In der Erinnerung die Bewegung zum Bild geronnen, die Spur der Bewegung zur Bewegung selbst imaginiert.
Etwas streift über den Boden, wird über ihn gestreift. Rhythmisch und immer mehr sich in ein lustvolles Rasen steigernd, dabei Lachen, nicht über etwas, das sie belustigte, eher als ob sie etwas kitzelte, als ob sie jemand kitzelte, sie kitzelte und nicht damit aufhörte, nicht dabei nachließ.

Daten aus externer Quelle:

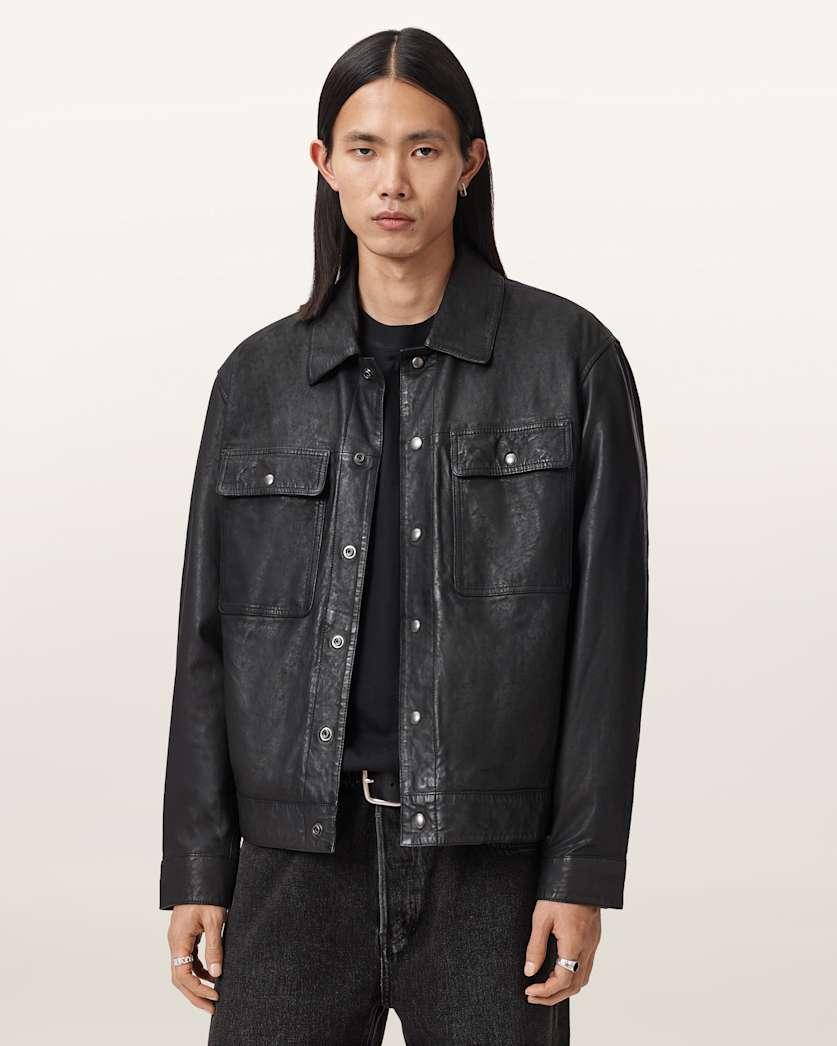 Shelton Leather Trucker Jacket by ALLSAINTS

Immer wieder dieselbe Abfolge: Betrachten der Kleider, sie anprobieren, sich in ihnen betrachten, dann wieder verfallen geradezu in übermäßig hektische sportliche Aktionen mit Sprüngen die beiden Stufen zum Bett hinauf um in einen Dialog zwischen dem Engel und dem Priester zu verfallen, beide Figuren wie Handpuppen der Getriebenen behandelt, die vor einem Spiegel tanzt und sich immer wieder mit dem mit einem Bild der Jungfrau bedrucktem Kleid vor sich selbst spiegelt, bevor sie wieder den kleinen Engel und die Priesterfigur aufnimmt, oder den Telefonhörer.
Nichts wird dargestellt um es in welchem Kontext auch immer aufzuzeigen, eher erinnert das Spiel und das ganz wörtlich an das Panoptikum, das Hermann Kasack zu Beginn seiner Stadt hinter dem Strom erstehen lässt um Bewegungen aufzuzeigen, die die Toten wiederholen müssten, um sich in deren Sinnlosigkeit besser von ihnen trennen zu können, um gereinigt von ihnen in ein Jenseits eintreten zu können.
Nicht die Religion ist der Tod der Liebe, es ist das einzig Um-sich-selbst-Kreisen einer postmodernen Egomanie, die sich vor allem anderen verschließt, noch vor dem verschließt, was es vermeintlich liebt und diesen Ausschluss noch nicht einmal bemerkt.